O Consed, entidade que representa os secretários estaduais de Educação, criou neste ano um grupo de trabalho para sistematizar iniciativas bem-sucedidas de regime de colaboração, como a do Ceará, e oferecê-las por meio de guias para as demais unidades da federação que tenham interesse em seguir por essa linha.

“Vamos trabalhar para disseminar uma cardápio de soluções já testadas, como as iniciativas que permitiram a alfabetização em idade certa no Ceará”, afirma Goreth Souza, líder dessa iniciativa no Consed e secretária de Educação do Amapá. Segundo ela, o objetivo é elaborar guias com boas práticas, a partir dos quais cada Estado pode decidir por qual caminho seguir.

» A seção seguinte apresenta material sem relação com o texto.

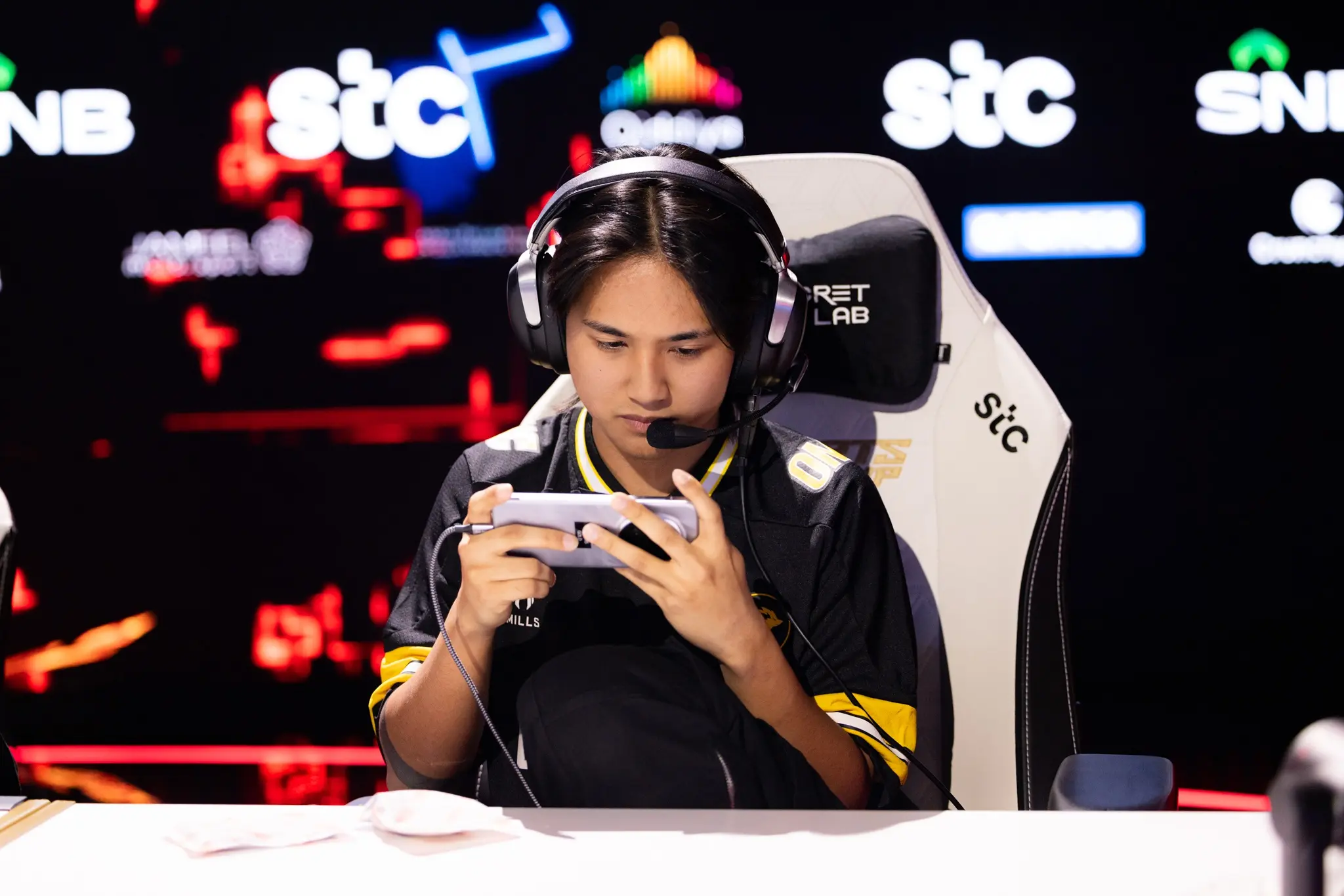 ONIC's Gold Laner, Grant “Kelra” Pillas.
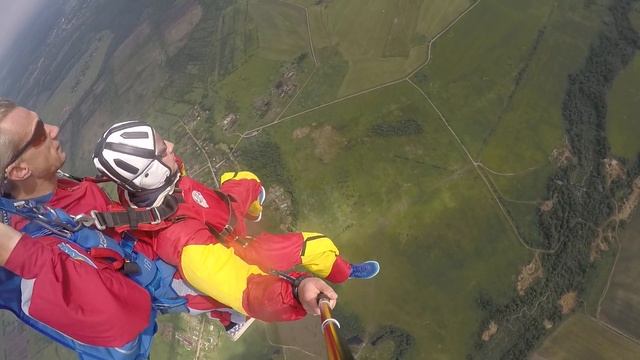 Мой первый прыжок с парашютом =) ОГОНЬ! Высота 4000 метров) смотреть онлайн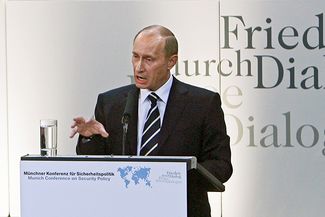 Владимир Путин выступает на конференции по вопросам безопасности в Мюнхене. 10 февраля 2007 года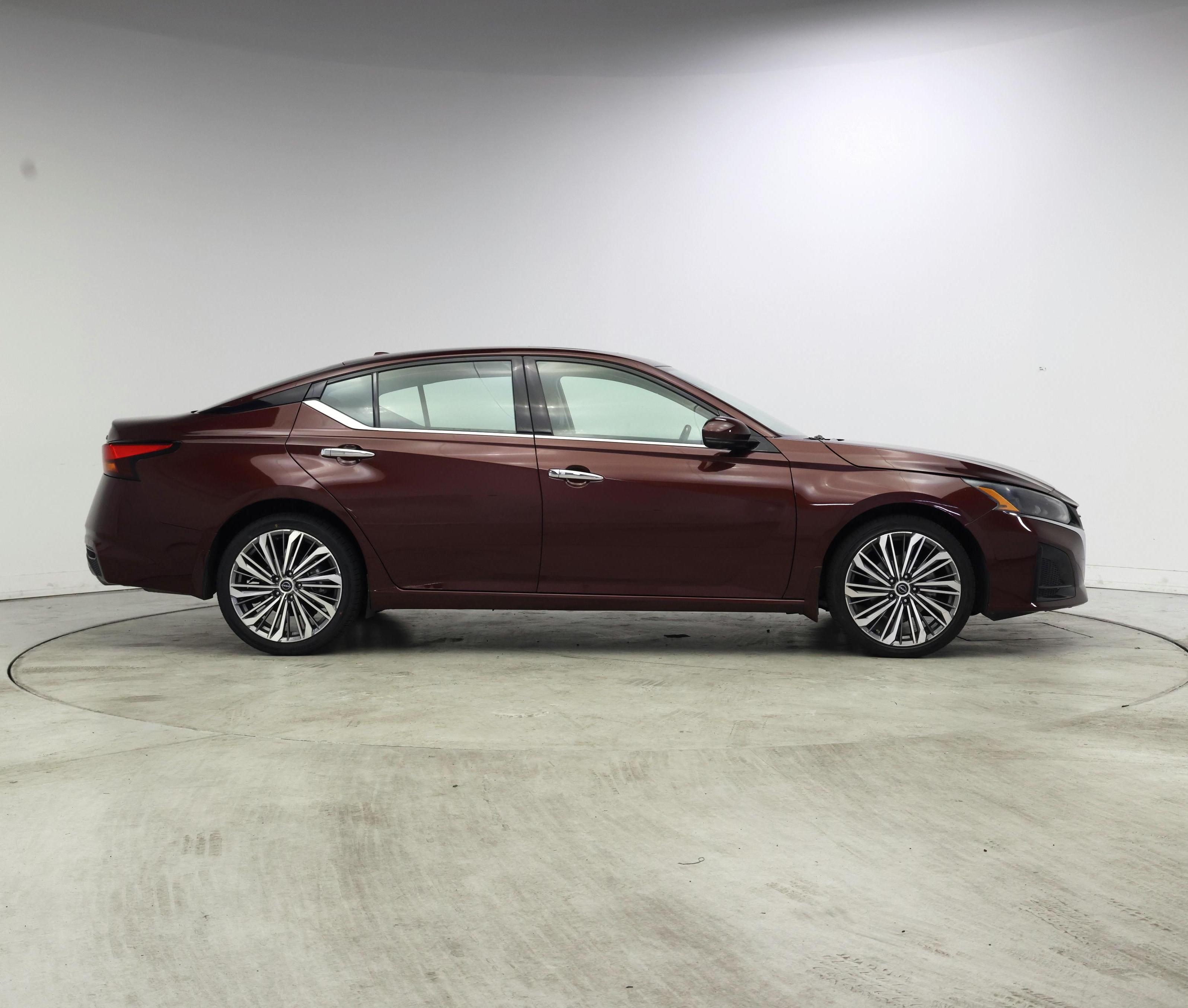 Thumbnail: 2023 Nissan Altima - 7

No Amapá, Goreth afirma que a opção foi iniciar, há três anos, essa aproximação mais forte com os municípios. Agora que a estrutura está mais azeitada, o Amapá começou a dedicar a debater a legislação sobre o ICMS. “Aqui temos especificidades, como as grandes distâncias para as comunidades indígenas, que nos fizeram apostar primeiro no estreitamento do relacionamento entre os entes”, afirma.

No mês passado, o secretárioexecutivo do Ministério da Educação (MEC), Antonio Vogel, disse que a pasta é a favor de disseminar pelos Estados a prática de repasse de ICMS adotada no Ceará. Se vier desacompanhada de outras medidas, a iniciativa é vista com cautela por Saad, do Instituto Natura. “Só o repasse de ICMS, sem que haja colaboração entre os entes, não é suficiente para melhorar os resultados das escolas”, afirma.